> **What you are asked to do**
Starting at the line where "I decided to" occurs, reproduce each line through the end of the entries below exactly. Omit every picture.

> **Collection entries**
------------------------------------------------------------------------

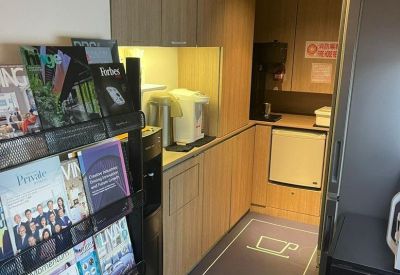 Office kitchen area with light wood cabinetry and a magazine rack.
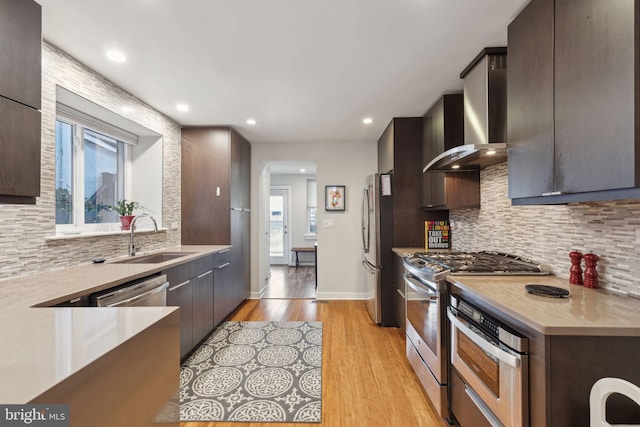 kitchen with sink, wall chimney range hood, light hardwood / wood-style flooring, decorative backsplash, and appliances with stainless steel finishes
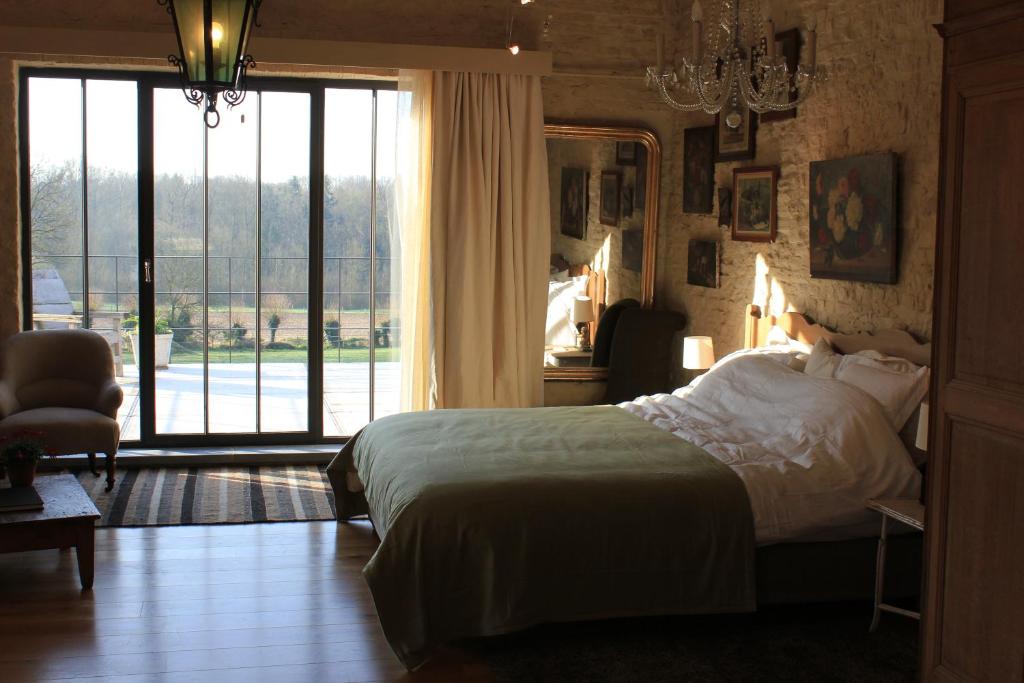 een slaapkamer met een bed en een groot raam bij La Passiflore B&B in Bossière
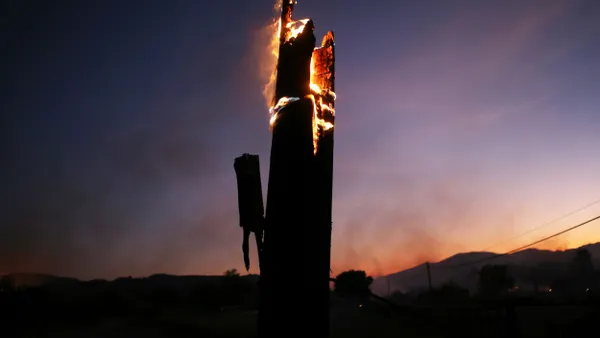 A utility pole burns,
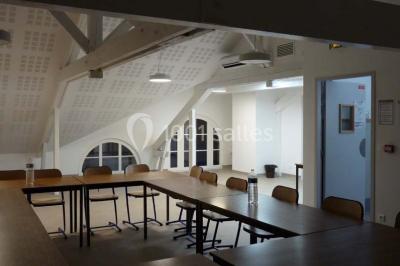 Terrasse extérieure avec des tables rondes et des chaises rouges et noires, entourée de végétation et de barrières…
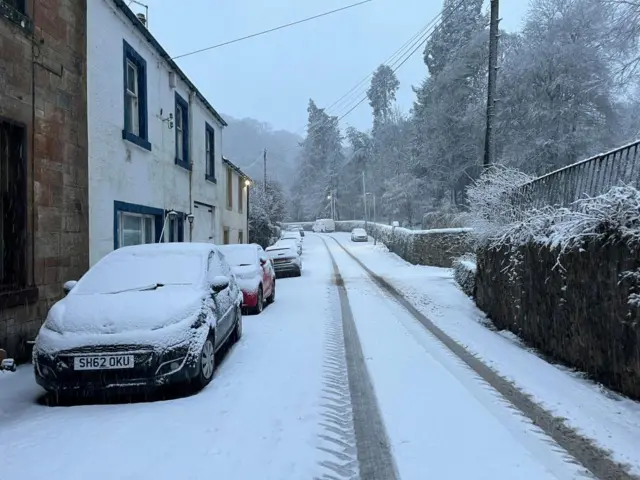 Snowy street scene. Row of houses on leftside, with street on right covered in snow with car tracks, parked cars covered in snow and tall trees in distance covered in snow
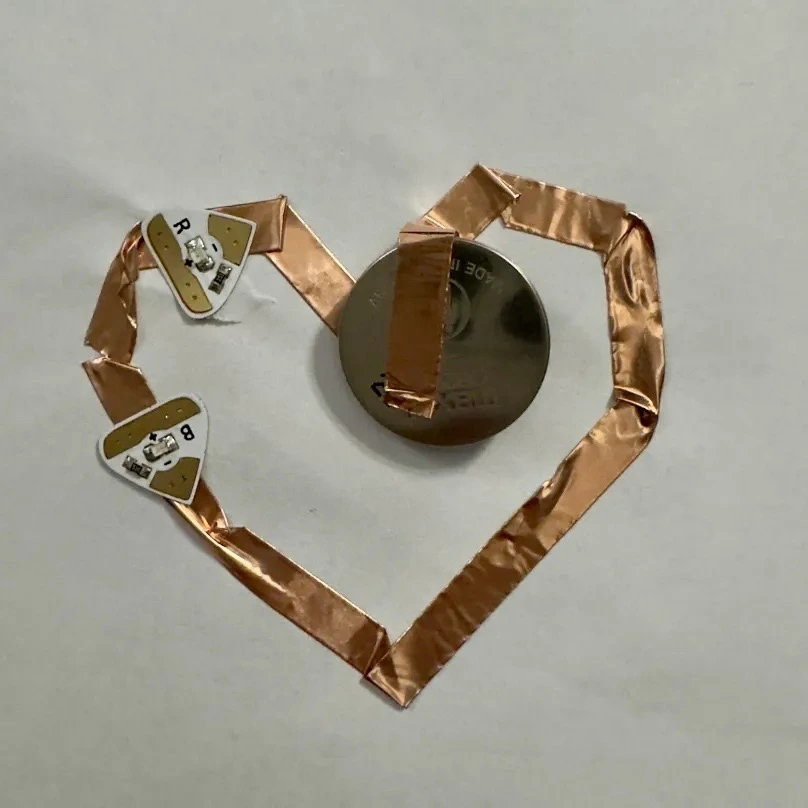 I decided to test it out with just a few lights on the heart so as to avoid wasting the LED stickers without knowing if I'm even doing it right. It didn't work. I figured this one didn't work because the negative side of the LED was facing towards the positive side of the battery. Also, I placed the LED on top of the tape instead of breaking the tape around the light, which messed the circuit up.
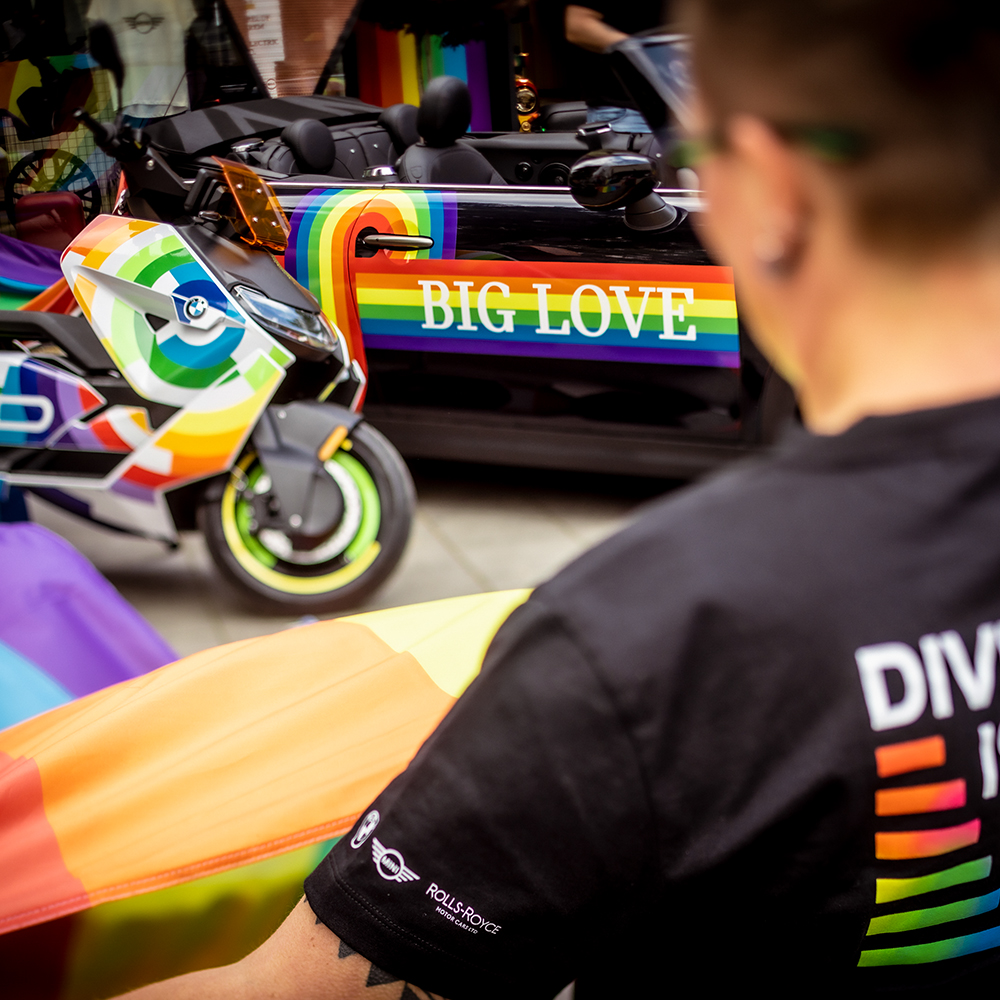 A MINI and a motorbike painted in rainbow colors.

------------------------------------------------------------------------

> **Answer space**
 I decided to test it out with just a few lights on the heart so as to avoid wasting the LED stickers without knowing if I'm even doing it right. It didn't work. I figured this one didn't work because the negative side of the LED was facing towards the positive side of the battery. Also, I placed the LED on top of the tape instead of breaking the tape around the light, which messed the circuit up.
 A MINI and a motorbike painted in rainbow colors.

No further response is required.